Ernest Rutherford once said, "If you can't explain your physics to a barmaid, it is probably not very good physics." I'll trust that a corollary is true and wait for Penny to explain energy in The Big Bang Theory.

References:

  1. Lisa Crystal, Reviewer, "Energy, the Subtle Concept: The Discovery of Feynman's Blocks from Leibniz to Einstein," by Jennifer Coopersmith, Physics Today, vol. 64, no. 4 (April, 2011), pp. 61-62.
  2. Jennifer Coopersmith, "Energy, the Subtle Concept: The Discovery of Feynman's Blocks from Leibniz to Einstein," Oxford University Press (August 13, 2010), 392 pages (via Amazon).
  3. Aristotle, "Metaphysics," from Aristotle in 23 Volumes, Vols.17-18, translated by Hugh Tredennick, Harvard University Press, Cambridge, MA; William Heinemann Ltd., London, 1933), Chapter 1, Section 983b; Greek text from Aristotle, "Aristotle's Metaphysics," ed.
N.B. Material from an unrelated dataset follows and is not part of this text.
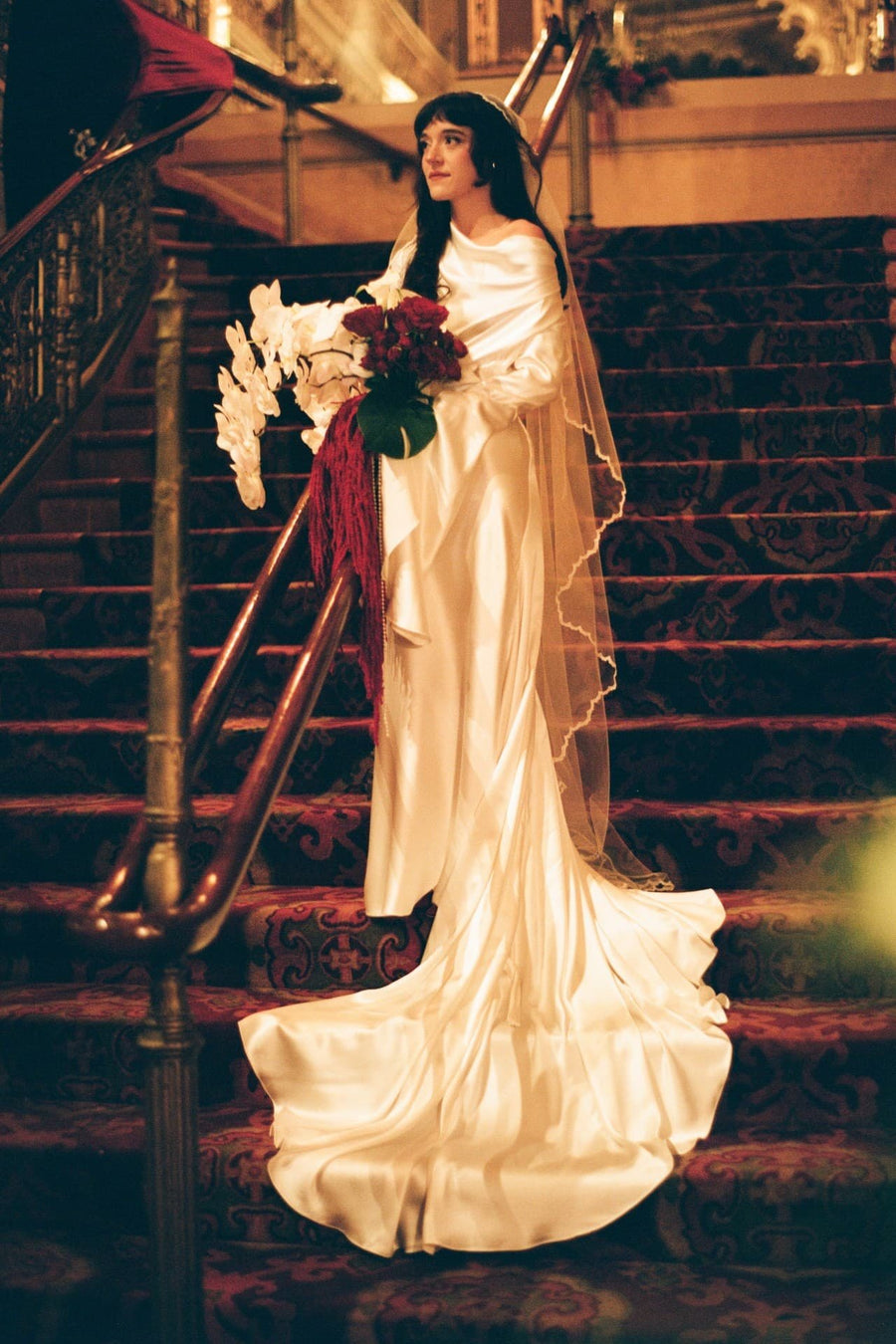 Dominique on a red staircase in a silk gown with a long train and a floor-length Juliet cap veil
W.D. Ross, (Clarendon Press, Oxford, 1924).
    Aristotle, Metaphysics, 1.983b
  4. Paul Rincon, "New method 'confirms dark energy'," BBC News, May 19, 2011.
  5. Preview of chapter 1, Introduction: Feynman’s Blocks, Ref. 2, via Oxford University Press.
  6. In 1998, the American Physical Society had a contest for physics bumper stickers. I had a finalist entry, and another, runner-up entry, Physicists Do It with the Least Action.
  7. Gerald Holton, "Thematic Origins of Scientific Thought: Kepler to Einstein," (Harvard University Press, 1988), 510 pages (via Amazon).